Improve heterogeneous HCAL code
PR description:
Synchronise between iterations over HCAL channels.
This addresses a silent problem reported by compute-sanitizer --tool=racechck.
Enable range checking in HCAL code.
PR validation:
Code runs.
cms-bot internal usage
enable gpu
please test
type bugfix
type ngt
+code-checks
Logs: https://cmssdt.cern.ch/SDT/code-checks/cms-sw-PR-49554/47071
A new Pull Request was created by @fwyzard for master.
It involves the following packages:
- CondFormats/HcalObjects (alca, db)
- RecoLocalCalo/HcalRecProducers (reconstruction)
@Alejandro1400, @JanChyczynski, @arunhep, @atpathak, @francescobrivio, @jfernan2, @mandrenguyen, @perrotta, @srimanob can you please review it and eventually sign? Thanks. @JanChyczynski, @PonIlya, @abdoulline, @apsallid, @bsunanda, @denizsun, @mariadalfonso, @mmusich, @rsreds, @salimcerci, @seemasharmafnal, @tocheng, @youyingli, @yuanchao this is something you requested to watch as well. @ftenchini, @mandrenguyen, @sextonkennedy you are the release manager for this.
cms-bot commands are listed here
The two unit tests that failed are
- src/IOPool/Input/test/TestIOPoolInputSchemaEvolution
- src/FWIO/RNTupleTempTests/test/TestRNTupleTempEventHistory
and they seem pretty much unrelated to these changes.
ignore tests-rejected with manual-override
@fwyzard Excuse my inexperience with GPU computing, but could you explain, mainly for my curiosity, why the order of [] operator and field access had to be changed?
Hi @JanChyczynski, of course.
The reason lies in how the common Structure of Arrays data structure used in CMSSW is implemented and what functionality it provides.
When one writes
view.property()[i]
what happens is that view.property() returns an std::span over the column "property"; then the [] operator is applied to the span to return the i-th element.
Unfortunately std::span does not check that the i-th element is actually valid: one can (try to) access any element, and there is no check that the SoA has i elements or more.
So, if any bug slips through, the code may end up accessing random memory locations - which may result in a crash or in some data corruption.
When one writes
view[i].property()
the [] operator is applied to the SoA as a whole to return a proxy to the i-th row, and then property() returns the value of "property" for that element.

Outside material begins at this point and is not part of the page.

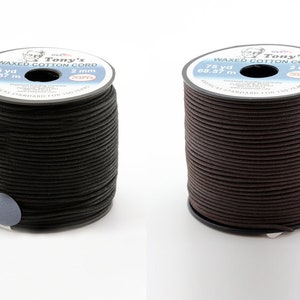 May include: Two spools of waxed cotton cord, one black and one brown. Each spool is labelled "Tony's Waxed Cotton Cord" and has the measurements "75 yd 68.57 m" and "2 mm".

In this case the [] is implemented by the CMS SoA and does check if the i-th element is valid, or prints a (hopefully) meaningful error message.

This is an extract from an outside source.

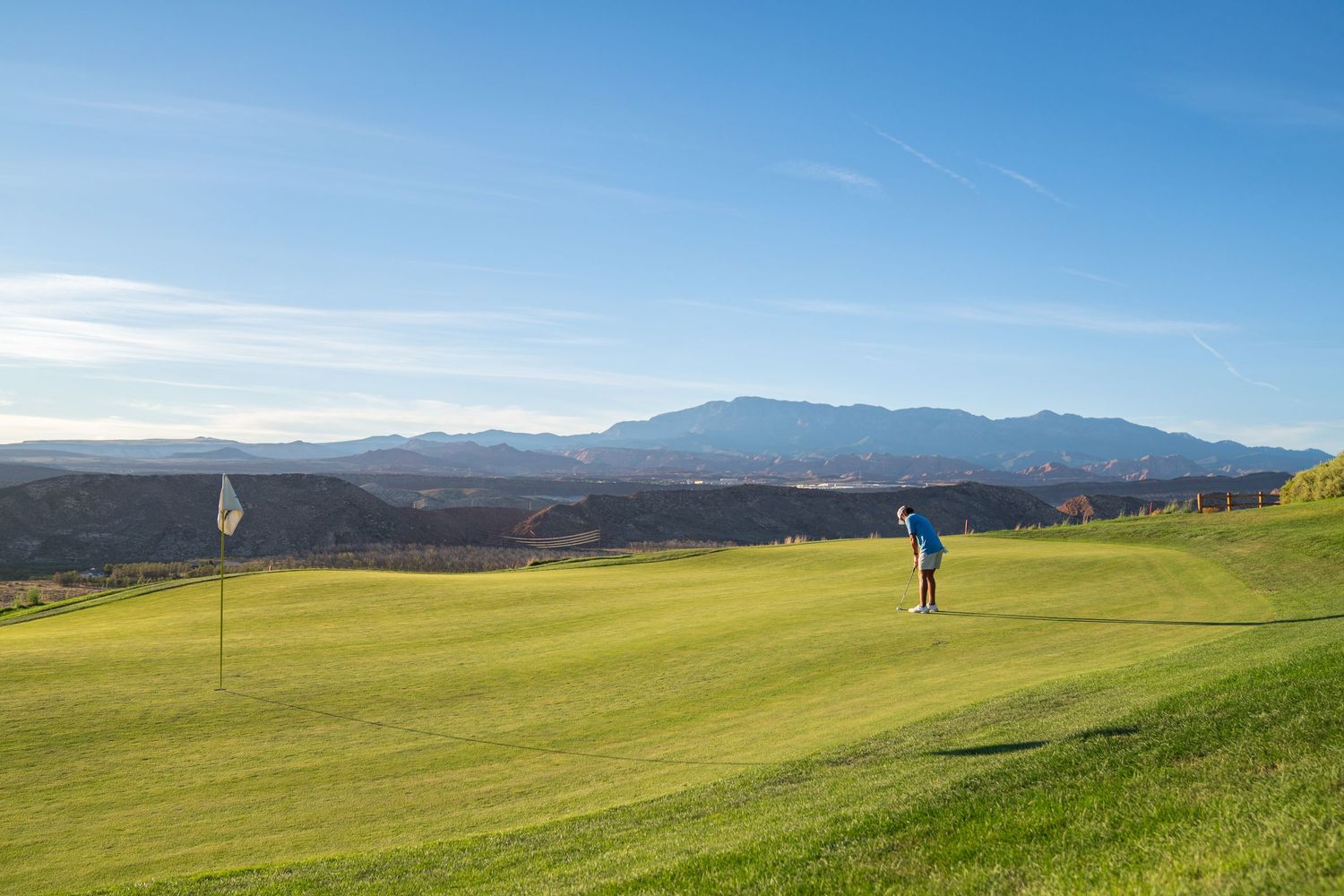 Golfer on lush green golf course fairway with mountain range and blue sky backdrop on a sunny day.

So, in case of bugs, it is much easier to figure out what is going wrong and where.
Thank you for a clear explanation!
I run a quick regex search with sourcegraph to check if there are some occurences of the .property()[i] syntax left and ideed there are over 20 occurences in RecoLocalCalo/HcalRecProducers/plugins/alpaka/Mahi.dev.cc and some in HcalMahiConditionsESProducer.cc (which I don't know if is intended to be changed in this PR).
I just wanted to point it out and ask if these ocurrences are meant to stay with this syntax or should also be refactored.
It would be good to refactor them as well.
In this PR I did it only for those that were leading to some errors while debugging the behaviour on AMD GPUs, and the nearby ones.
please test
Let's see if the MI300X tests are working now...
-1
Size: This PR adds an extra 16KB to repository
Summary: https://cmssdt.cern.ch/SDT/jenkins-artifacts/pull-request-integration/PR-912365/49864/summary.html
COMMIT: a1f2c7d1863d44371fba886cf51dbc3deb3ea59b
CMSSW: CMSSW_16_0_X_2025-12-09-1100/el8_amd64_gcc13
Additional Tests: GPU,AMD_MI300X,AMD_W7900,NVIDIA_H100,NVIDIA_L40S,NVIDIA_T4
User test area: For local testing, you can use /cvmfs/cms-ci.cern.ch/week1/cms-sw/cmssw/49554/49864/install.sh to create a dev area with all the needed externals and cmssw changes.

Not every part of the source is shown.